Scott S. Halford (“Defendant”) was convicted of second-degree domestic assault. Defendant appeals, claiming the trial court erred in failing to submit a lesser-included offense instruction for third-degree domestic assault. We agree and reverse the trial court's judgment.
Standard of Review
“The giving or failure to give an instruction or verdict form in violation of this Rule 28.02 or any applicable Notes On Use shall constitute error, the error's prejudicial effect to be judicially determined, provided that objection has been timely made pursuant to Rule 28.03.”1 Rule 28.02(f).2 Thus, “[a] ‘trial court errs if it does not instruct the jury in compliance with MAI–CR instructions and applicable notes.’ “ State v. Davenport, 174 S.W.3d 666, 668 (Mo.App.S.D.2005) (quoting State v. Mee, 643 S.W .2d 601, 604 (Mo.App.E.D.1982)).
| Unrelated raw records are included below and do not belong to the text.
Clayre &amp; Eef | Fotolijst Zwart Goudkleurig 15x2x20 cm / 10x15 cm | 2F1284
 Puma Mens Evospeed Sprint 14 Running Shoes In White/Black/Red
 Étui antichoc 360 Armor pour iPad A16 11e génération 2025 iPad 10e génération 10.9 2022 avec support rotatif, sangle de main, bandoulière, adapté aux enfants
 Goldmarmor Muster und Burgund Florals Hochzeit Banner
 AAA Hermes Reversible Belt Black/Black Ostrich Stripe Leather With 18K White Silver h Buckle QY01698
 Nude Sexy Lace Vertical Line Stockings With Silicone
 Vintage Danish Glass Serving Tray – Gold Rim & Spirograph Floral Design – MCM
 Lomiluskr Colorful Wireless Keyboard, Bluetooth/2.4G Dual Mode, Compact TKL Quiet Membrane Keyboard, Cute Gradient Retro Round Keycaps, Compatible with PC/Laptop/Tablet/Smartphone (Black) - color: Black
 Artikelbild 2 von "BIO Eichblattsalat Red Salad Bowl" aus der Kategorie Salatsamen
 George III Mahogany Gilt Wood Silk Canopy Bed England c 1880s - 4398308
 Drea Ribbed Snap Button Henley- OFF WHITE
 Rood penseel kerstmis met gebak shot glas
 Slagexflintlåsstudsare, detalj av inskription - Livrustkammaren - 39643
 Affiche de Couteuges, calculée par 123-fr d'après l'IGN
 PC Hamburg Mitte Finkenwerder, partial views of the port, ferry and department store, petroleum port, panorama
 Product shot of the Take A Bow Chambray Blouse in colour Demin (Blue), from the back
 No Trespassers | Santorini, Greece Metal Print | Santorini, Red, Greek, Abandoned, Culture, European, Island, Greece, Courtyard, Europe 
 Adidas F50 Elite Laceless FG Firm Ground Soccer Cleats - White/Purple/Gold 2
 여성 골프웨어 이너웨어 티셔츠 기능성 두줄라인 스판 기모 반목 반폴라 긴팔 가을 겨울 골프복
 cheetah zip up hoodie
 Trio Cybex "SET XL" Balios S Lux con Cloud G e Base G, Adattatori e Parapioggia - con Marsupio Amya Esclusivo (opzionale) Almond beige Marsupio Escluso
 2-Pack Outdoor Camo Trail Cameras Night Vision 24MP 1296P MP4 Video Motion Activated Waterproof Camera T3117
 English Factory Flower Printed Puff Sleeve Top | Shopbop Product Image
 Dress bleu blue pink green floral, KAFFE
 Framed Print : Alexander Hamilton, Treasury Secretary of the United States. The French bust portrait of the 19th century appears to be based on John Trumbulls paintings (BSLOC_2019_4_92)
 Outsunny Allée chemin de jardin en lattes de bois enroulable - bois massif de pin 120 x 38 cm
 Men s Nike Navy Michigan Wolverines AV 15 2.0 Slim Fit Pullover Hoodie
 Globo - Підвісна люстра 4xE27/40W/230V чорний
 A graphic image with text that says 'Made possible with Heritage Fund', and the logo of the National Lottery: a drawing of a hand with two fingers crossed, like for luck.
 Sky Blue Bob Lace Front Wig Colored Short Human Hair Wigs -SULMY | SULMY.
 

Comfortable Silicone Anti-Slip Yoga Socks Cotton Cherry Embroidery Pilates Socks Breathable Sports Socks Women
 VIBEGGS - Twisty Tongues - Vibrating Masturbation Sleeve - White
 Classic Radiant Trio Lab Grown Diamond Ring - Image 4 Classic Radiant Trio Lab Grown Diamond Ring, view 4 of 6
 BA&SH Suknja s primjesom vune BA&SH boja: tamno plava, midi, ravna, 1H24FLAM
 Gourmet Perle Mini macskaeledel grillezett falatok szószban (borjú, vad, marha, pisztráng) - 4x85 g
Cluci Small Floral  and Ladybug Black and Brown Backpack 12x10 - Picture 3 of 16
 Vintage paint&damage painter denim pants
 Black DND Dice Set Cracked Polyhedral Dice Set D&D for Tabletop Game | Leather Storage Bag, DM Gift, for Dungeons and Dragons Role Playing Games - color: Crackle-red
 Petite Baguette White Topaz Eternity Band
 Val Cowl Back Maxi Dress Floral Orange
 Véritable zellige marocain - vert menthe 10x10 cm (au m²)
Additionally, “[i]n reviewing whether a trial court erred in failing to instruct the jury on a lesser-included offense, we review the evidence in a light most favorable to the defendant.” State v. Knight, 355 S.W.3d 556, 558 (Mo.App.S.D.2011).
Factual and Procedural Background
Viewed in the light most favorable to Defendant, the following evidence was adduced at trial.
Andrea Rath (“Victim”) was romantically involved with Defendant and lived with him at the time of the events giving rise to this case. On July 11, 2012, Victim and Defendant were waiting in a Mountain Grove, Missouri, park to have visitation with Victim's children supervised by Victim's caseworker, Tonya Stout (“Stout”).
Victim and Defendant had been arguing all day. When Stout arrived at the park, Victim and Defendant were sitting across from each other at a picnic table still arguing. In response to one of Victim's remarks, Defendant cussed at Victim. Victim “stood up from the picnic table, ready to fight.” She was “in his face” and being physically aggressive. Then Defendant grabbed Victim's throat and continued to grip her by the throat and she was red in the face. Victim described the act as “[a] stop kind of thing.” Defendant did not apply pressure, and Victim could still breathe and scream. She continued to go toward Defendant. Victim stopped struggling when she heard Stout calling the police and Defendant released his hold on Victim. The grabbing of the throat lasted under ten minutes.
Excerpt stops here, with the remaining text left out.